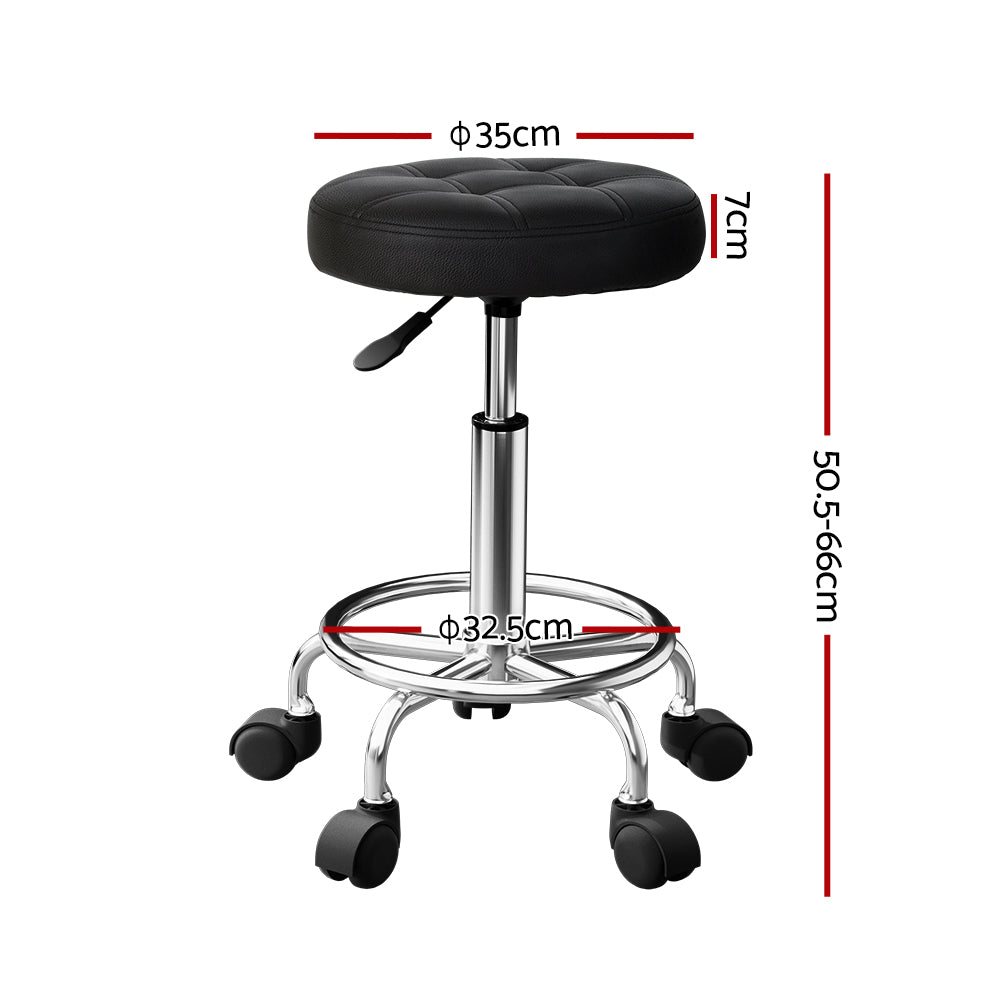 Ottomans & Footstools: Artiss Salon Stool Round Swivel Chairs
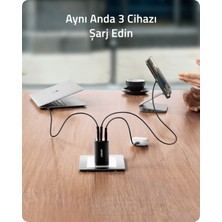 Anker 735 Nano II 65W 3 Portlu USB-C Hızlı Şarj Cihazı - iPhone / Android / Macbook Uyumlu  GaN II - PPS Destekli Type-C Hızlı Şarj Adaptörü - A2667 (Anker Türkiye Garantili)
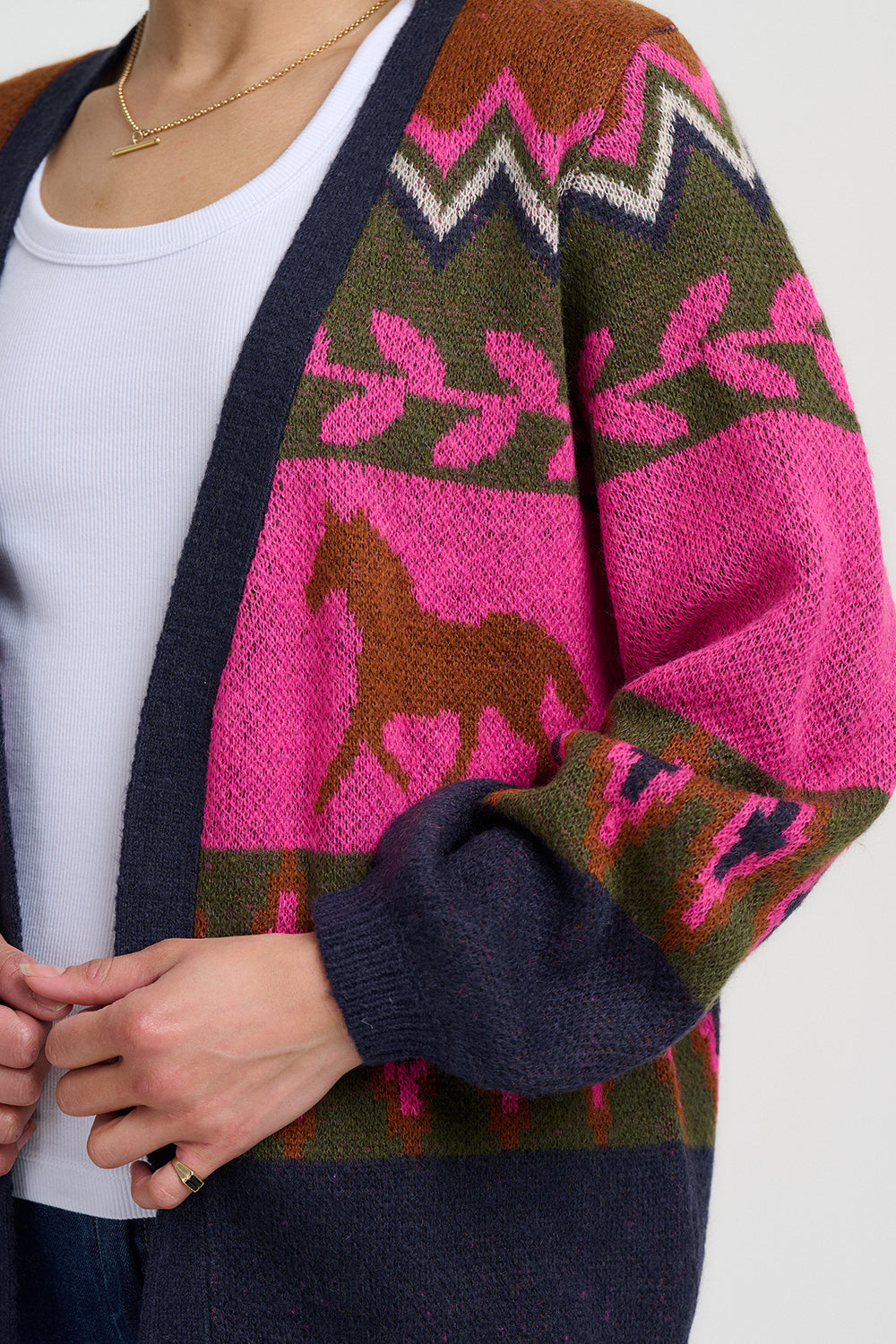 Sugarhill Brighton Yvette running horses cardigan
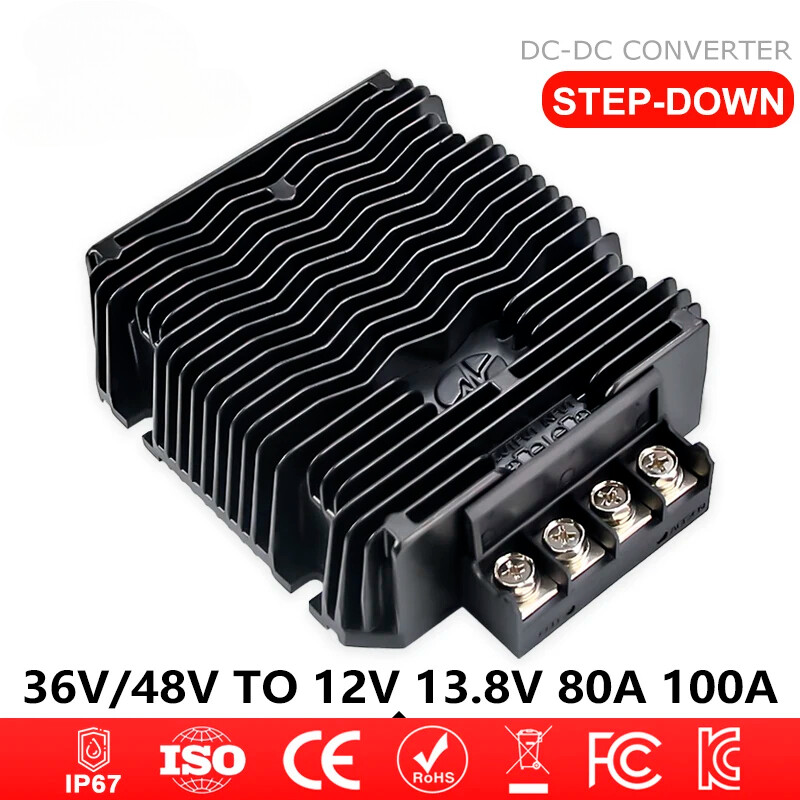 DC-DC 36V 48V to 12V 13.8V 100A Converter Step Down Regulator Cars Trucks Boats
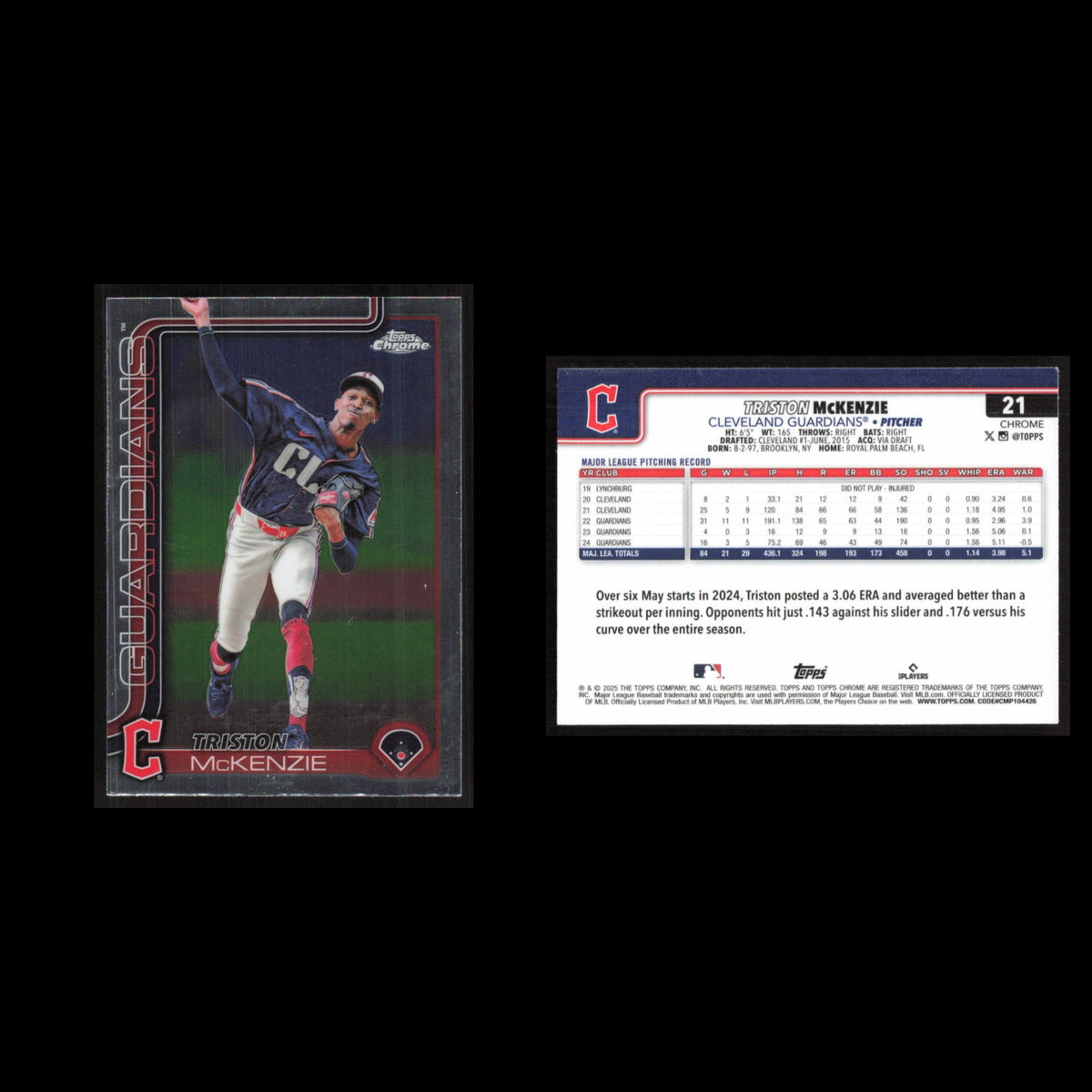 Triston McKenzie #21 2025 Topps Chrome Cleveland Guardians Baseball Card MLB NM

⁂

:: Task item ::
Leave the pictures aside and print exactly, and only, the lines from the one with "Sugarhill Brighton Yvette" through the end of the data, both included.

:: Output of the task ::
 Sugarhill Brighton Yvette running horses cardigan
 DC-DC 36V 48V to 12V 13.8V 100A Converter Step Down Regulator Cars Trucks Boats
 Triston McKenzie #21 2025 Topps Chrome Cleveland Guardians Baseball Card MLB NM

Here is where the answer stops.